* **Problem details**:
Going from the line that contains "Chevrolet cruze sw" through the last line of the records, set down each line again exactly, both included, with pictures left out.

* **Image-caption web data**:
== Segment start ==
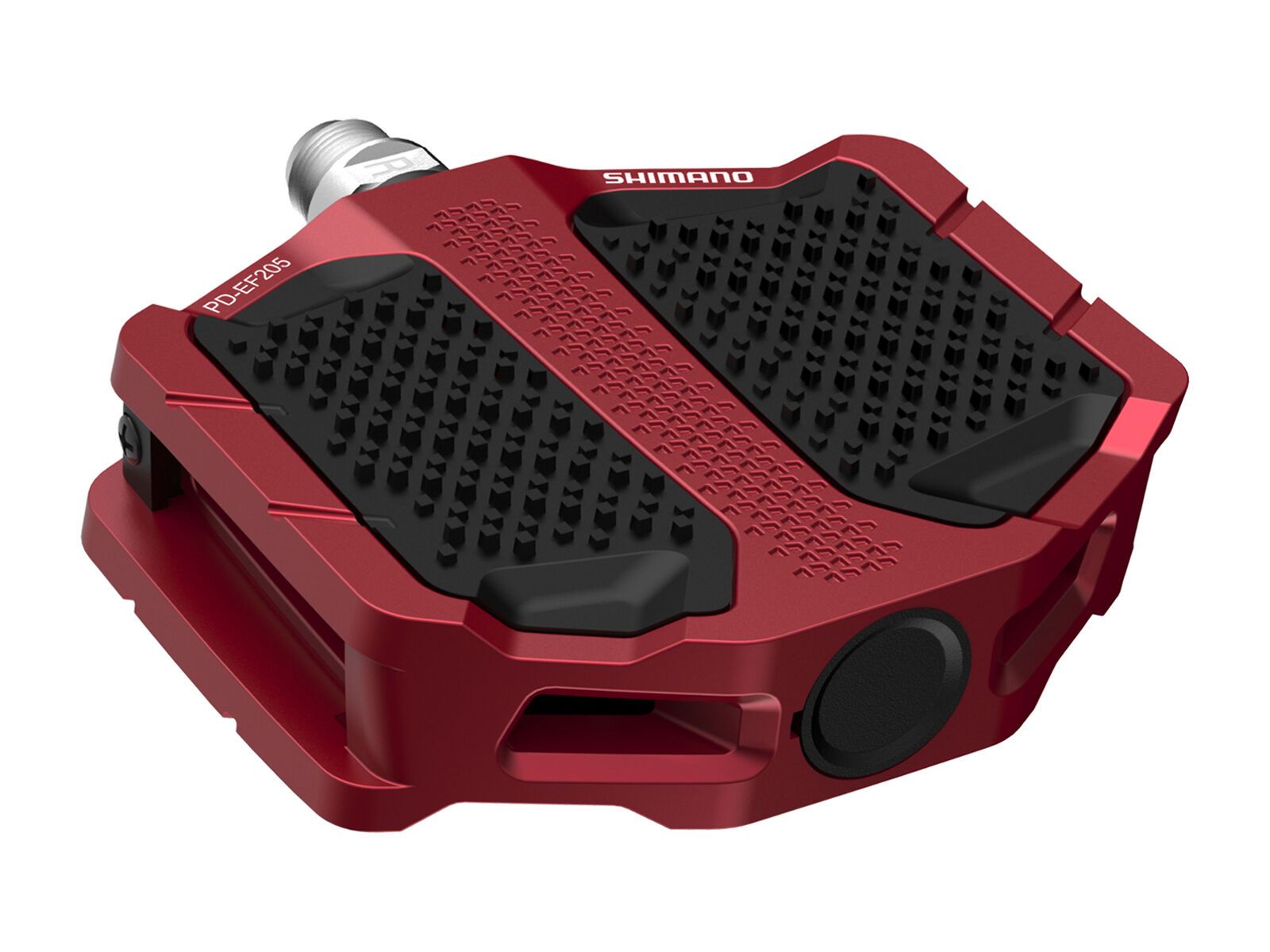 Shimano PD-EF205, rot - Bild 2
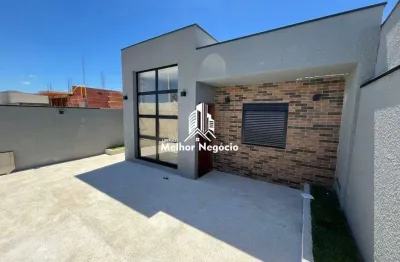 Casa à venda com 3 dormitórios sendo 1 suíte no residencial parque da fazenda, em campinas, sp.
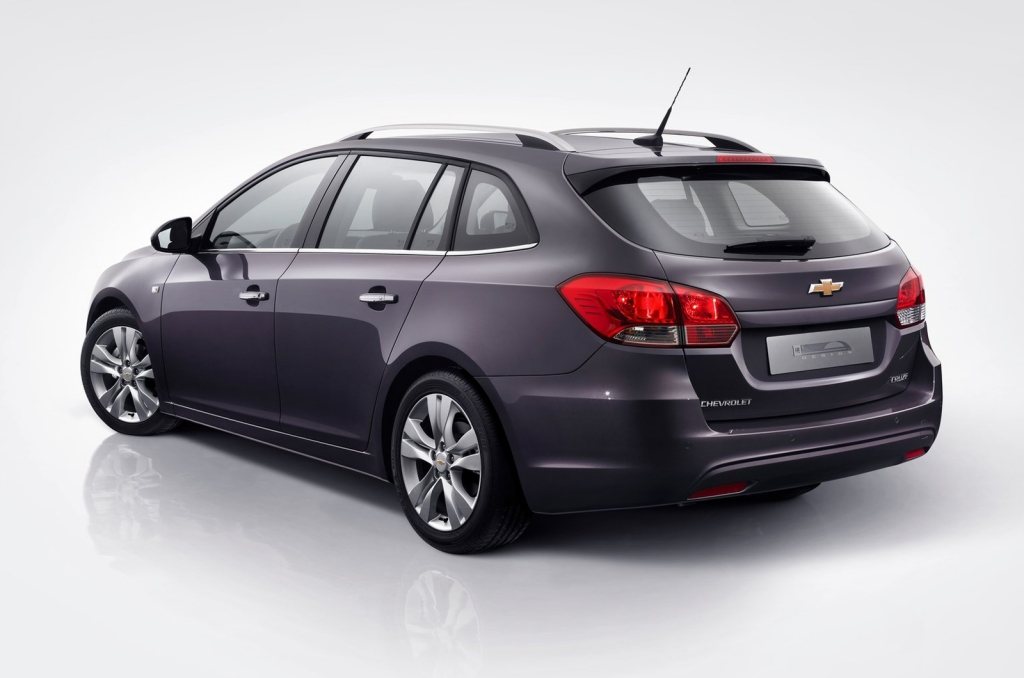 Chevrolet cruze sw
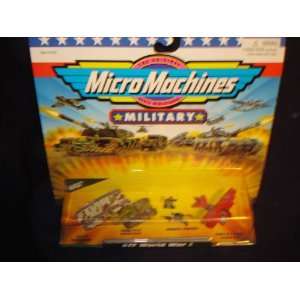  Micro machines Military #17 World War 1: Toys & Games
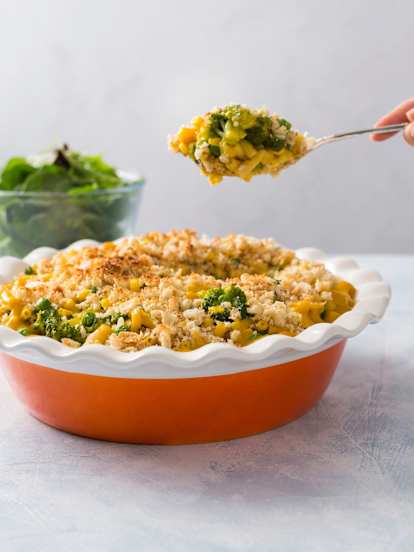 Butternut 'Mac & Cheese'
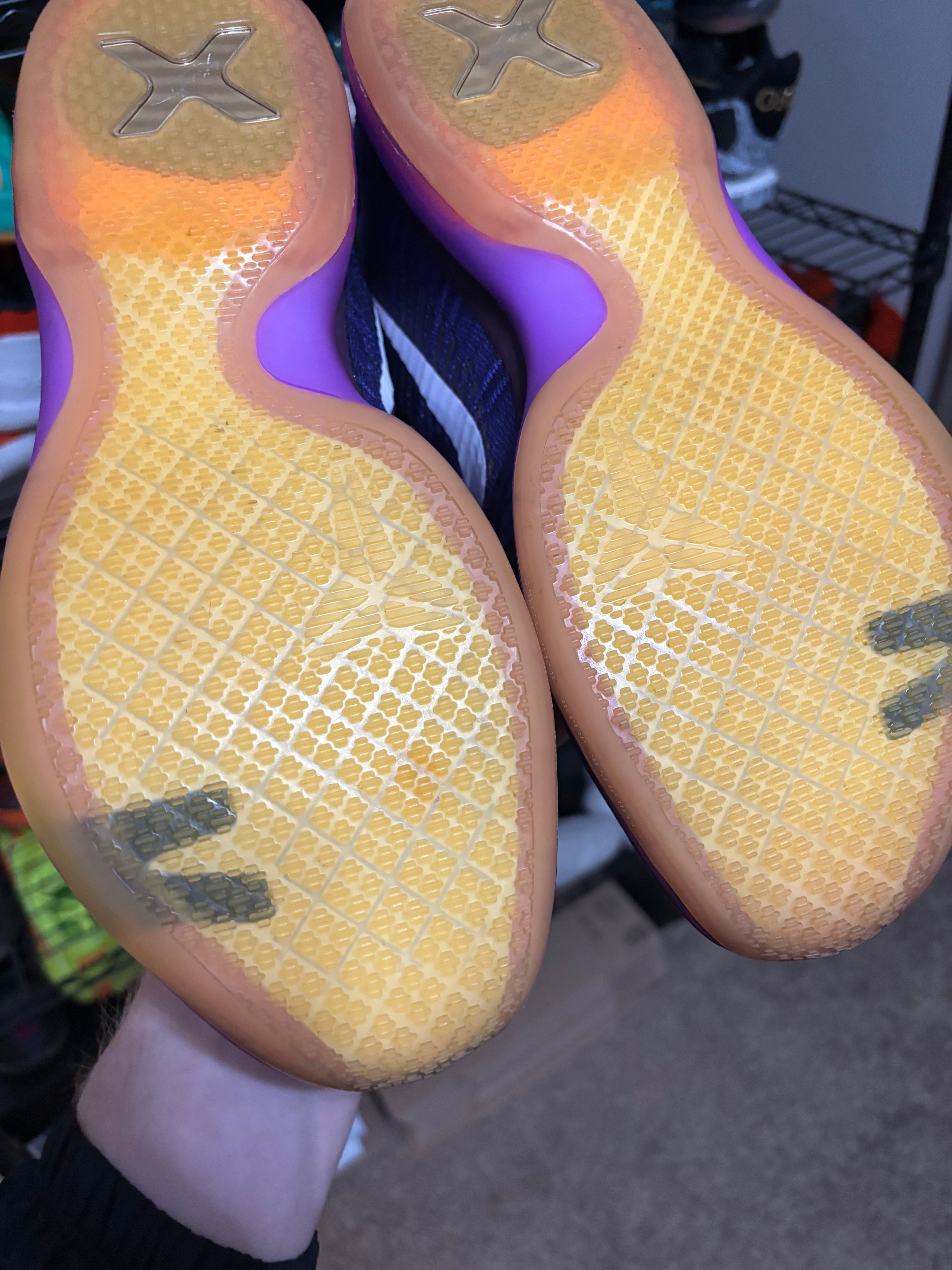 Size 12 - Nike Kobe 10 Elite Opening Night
== Segment end ==
* **Exercise result**:
 Chevrolet cruze sw
  Micro machines Military #17 World War 1: Toys & Games
 Butternut 'Mac & Cheese'
 Size 12 - Nike Kobe 10 Elite Opening Night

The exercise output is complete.